The returned value of “batch” can be passed in the “batch” query parameter to add more items to the batch. Items that appear in the “success” list are guaranteed to become available to other clients if and when the batch is successfully committed.

Note that the value of “batch” may not be safe to include directly in a URL, and that you need to be sure to encode it first (via JavaScript’s encodeURIComponent, Python’s urllib.quote, or your language’s equivalent).

If the server does not support batching, it will ignore the batch parameter and return a “200 OK” response without a batch identifier.

The response when committing a batch is identical to that generated by a non-batched request. Note that the semantics of a request with batch=true&commit=true (i.e. starting a batch and immediately committing it) are therefore identical to those of a non-batched request.

Note that the server may impose a limit on the total amount of payload data included in a batch, and/or may decline to process more than a certain number of BSOs as part of a single batch. If the uploaded items exceed this limit, the server will produce a 400 Bad Request response with response code 17. Where possible, clients should use the X-Weave-Total-Records* and X-Weave-Total-Bytes headers to signal the expected total size of the uploads, so that oversize batches can be rejected before the items are uploaded.

Potential HTTP error responses include:

  • 400 Bad Request, response code 14: the user has exceeded their storage quota.
  • 400 Bad Request, response code 17: server size or item-count limit exceeded.
  • 413 Request Entity Too Large: the request contains more data than the server is willing to process in a single batch.

DELETE https://<endpoint-url>/storage/<collection>

Deletes an entire collection.

After executing this request, the collection will not appear in the output of GET /info/collections and calls to GET /storage/<collection> will return an empty list.

DELETE https://<endpoint-url>/storage/<collection>?ids=<ids>

Deletes multiple BSOs from a collection with a single request.

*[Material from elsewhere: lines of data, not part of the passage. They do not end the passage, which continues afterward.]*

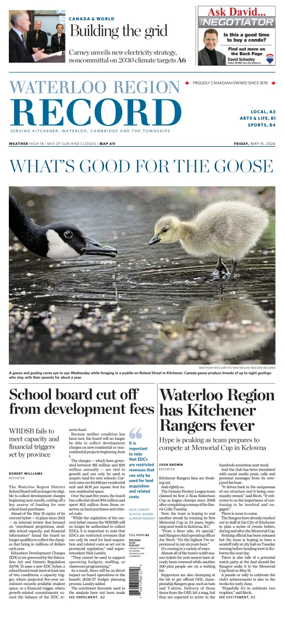 Cover of Waterloo Region Record
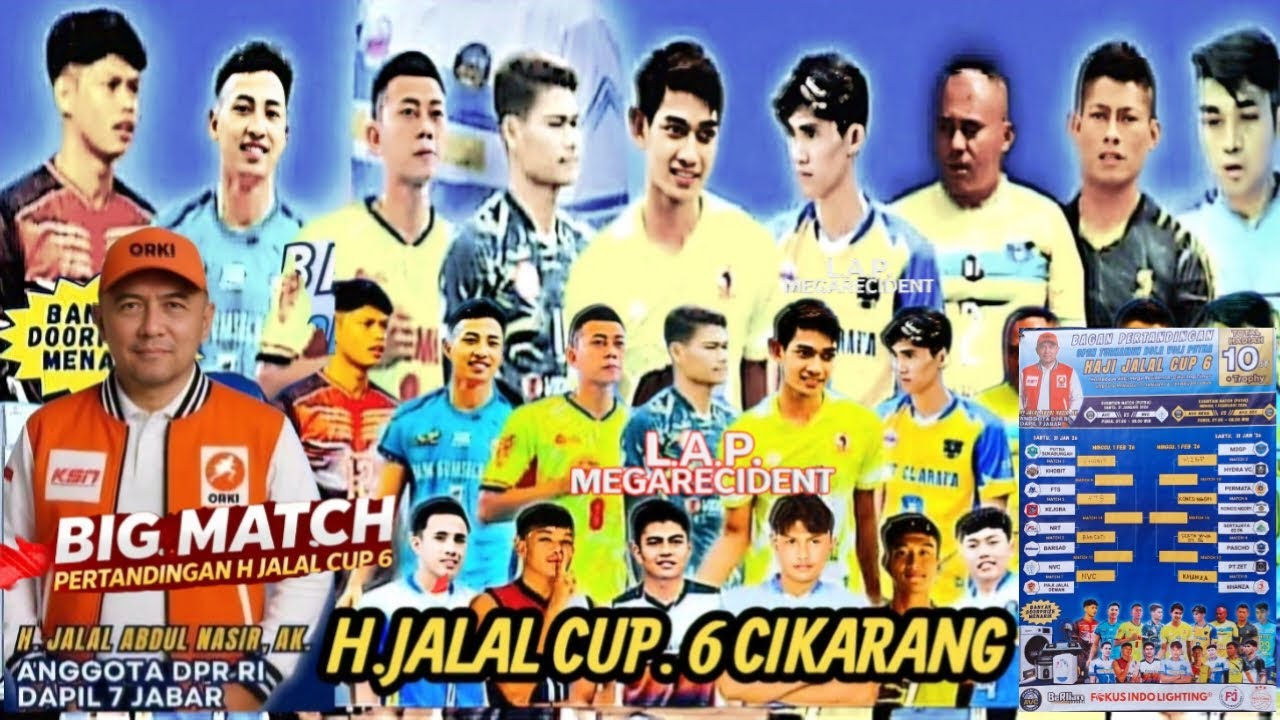 🔴LIVE SEMIFINAL H. JALAL CUP 6 VOLI CIKARANG NVC VS FTS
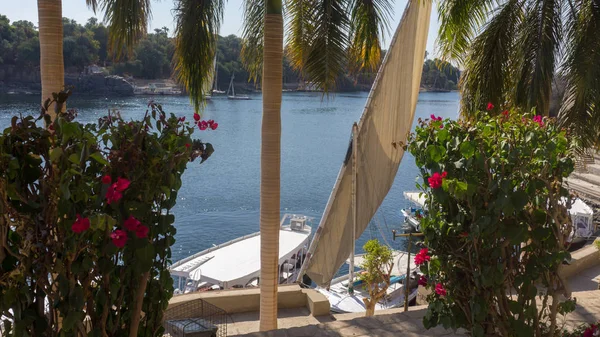 Bonita vista al río Nilo — Foto de Stock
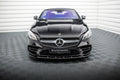 Maxton Design Street+ Spoilerlippe Front Ansatz V.2 passend für Mercedes-Benz S Coupe AMG-Line C217 Facelift schwarz Hochglanz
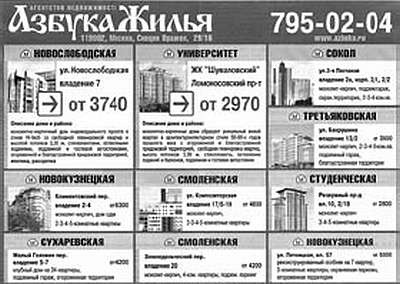 Недвижимость. Как ее рекламировать Недвижимость. Как ее рекламировать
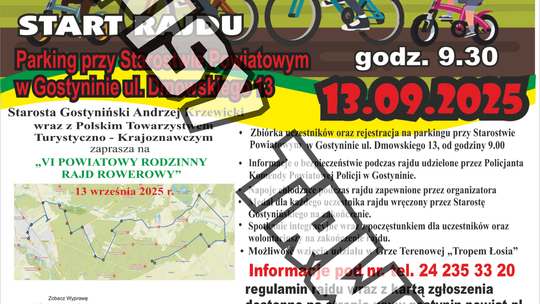 Powiatowy Rodzinny Rajd Rowerowy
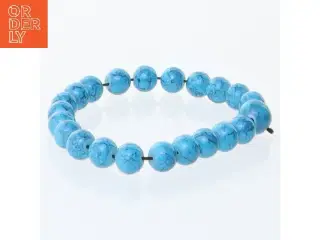 Turkis perlearmbånd (str. Ø 6 cm)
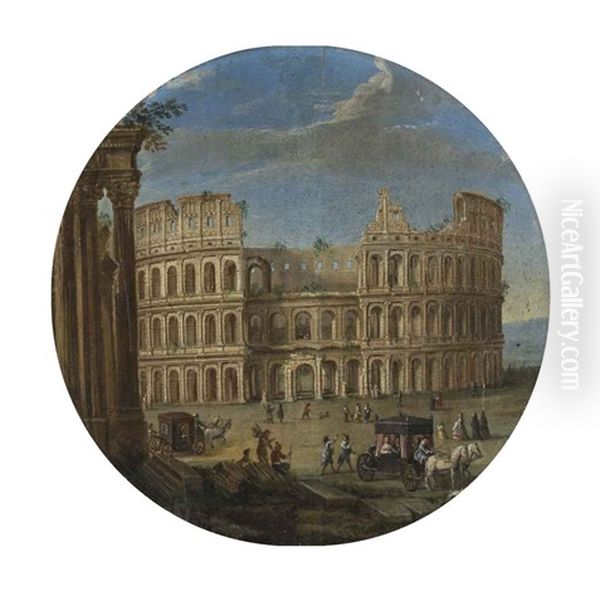 Vue Du Colisee A Rome - view 1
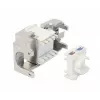 Intellinet Cat8.1 40G tienený bez nástroja Keystone jack RJ-45 strieborná
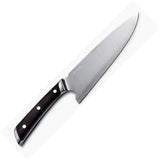 Barebones Living 8 Inch Chef Knife CKW 490 With 50CrMoV15 Stainless Satin Blade Premium Pakkawood Handle For Home Cooks by Barebones Living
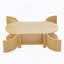 Table basse ovale cannelée avec rangement pour le salon, bois d'hévéa massif, 1 tablette et 2 portes de rangement ouvertes, naturel, 47 po-68783097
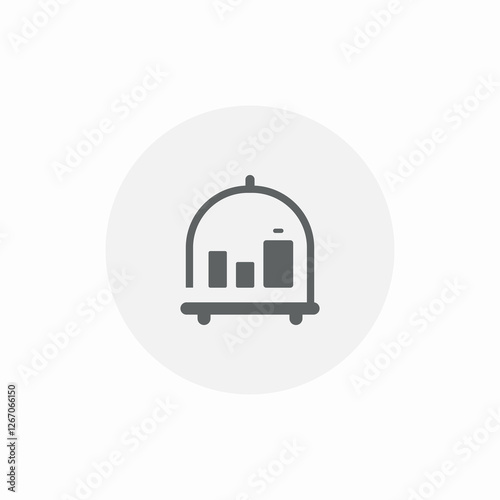 hotel baggage carry icon sign vector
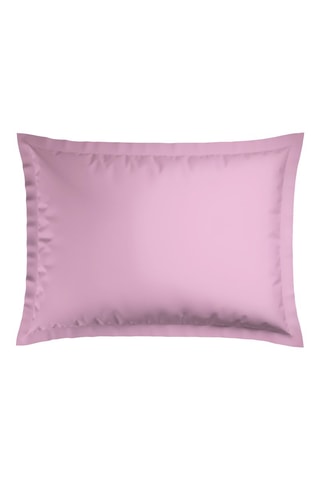 $2 taies d'oreiller en satin de coton 200 fils/cm² Les Carreaux d'Eléna - Rose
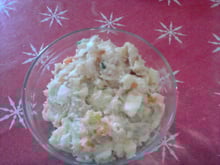 Salada de batata com atum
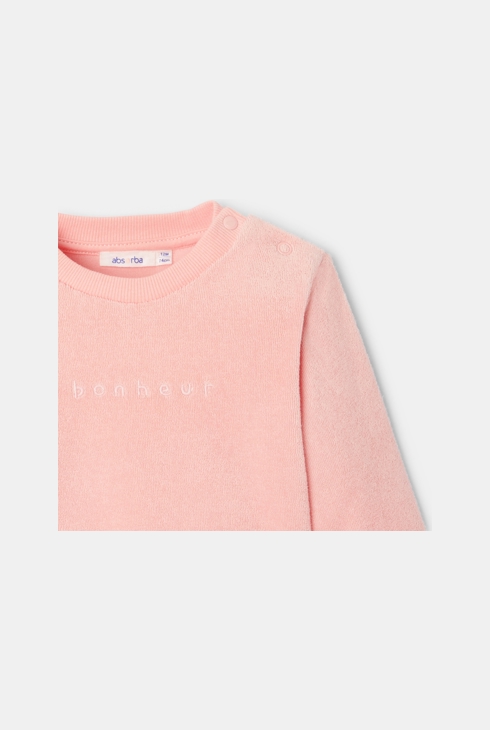 Sweat en coton rose mixte Absorba 2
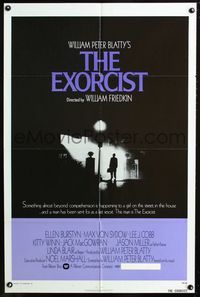 2n545 EXORCIST 1sheet '74 William Friedkin, Max Von Sydow, horror classic from William Peter Blatty!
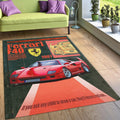 Ferrari F1 Rug, Ferrari F40 Car Rug: Custom Team Ferrari Carpet
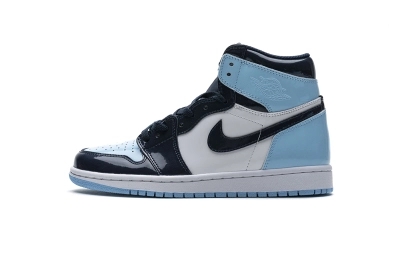 Air Jordan 1 Retro High UNC Patent Reps Sneaker CD0461-401 01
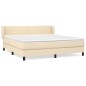 vidaXL Boxspringbett mit Matratze Creme 180x200 cm Stoff vidaXL Boxspringbett mit Matratze Creme 180x200 cm Stoff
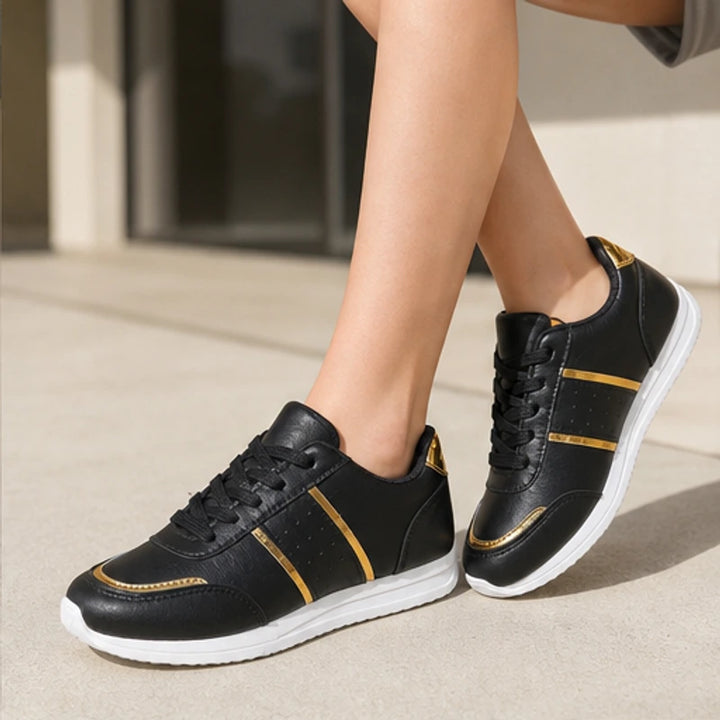 Nova Metallic Comfort Sneaker - Black - comfort sneakers - Brondals - Image 6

This request takes a parameter to select which items to delete:

  • ids: deletes BSOs from the collection whose ids that are in the provided comma-separated list. A maximum of 100 ids may be provided.

The collection itself will still exist on the server after executing this request. Even if all the BSOs in the collection are deleted, it will receive an updated last-modified time, appear in the output of GET /info/collections, and be readable via GET /storage/<collection>

Successful responses will have a JSON object body with field “modified” giving the new last-modified time for the collection.

Potential HTTP error responses include:

  • 400 Bad Request: too many ids were included in the query parameter.

DELETE https://<endpoint-url>/storage/<collection>/<id>

Deletes the BSO at the given location.

Request Headers

X-If-Modified-Since

This header may be added to any GET request, set to a decimal timestamp. If the last-modified time of the target resource is less than or equal to the time given in this header, then a 304 Not Modified response will be returned and re-transmission of the unchanged data will be avoided.

It is similar to the standard HTTP If-Modified-Since header, but the value is a decimal timestamp rather than a HTTP-format date.

If the value of this header is not a valid positive decimal value, or if the X-If-Unmodified-Since header is also present, then a 400 Bad Request response will be returned.

X-If-Unmodified-Since

This header may be added to any request to a collection or item, set to a decimal timestamp. If the last-modified time of the target resource is greater than the time given, the request will fail with a 412 Precondition Failed response.

It is similar to the standard HTTP If-Unmodified-Since header, but the value is a decimal timestamp rather than a HTTP-format date.

If the value of this header is not a valid positive decimal value, or if the X-If-Modified-Since header is also present, then a 400 Bad Request response will be returned.

X-Weave-Records

This header may be sent with multi-record uploads, to indicate the total number of records included in the request. If the server would not accept an upload containing that many records, then a 400 Bad Request response will be returned with response code 17.

X-Weave-Bytes

This header may be sent with multi-record uploads, to indicate the combined size of payloads in the upload, in bytes. If the server would not accept an upload containing that many bytes, then a 400 Bad Request response will be returned with response code 17.

X-Weave-Total-Records

This header may be included with a POST request using the batch query parameter, to indicate the total number of records in the batch. If the server would not accept a batch containing that many records, then a 400 Bad Request response will be returned with response code 17.

If the value of this header is not a valid positive integer value, or if the request is not operating on a batch, then a 400 Bad Request response will be returned with response code 1.

X-Weave-Total-Bytes

This header may be included with a POST request using the batch query parameter, to indicate the total combined size of payloads in the batch, in bytes. If the server would not accept a batch containing that many bytes, then a 400 Bad Request response will be returned with response code 17.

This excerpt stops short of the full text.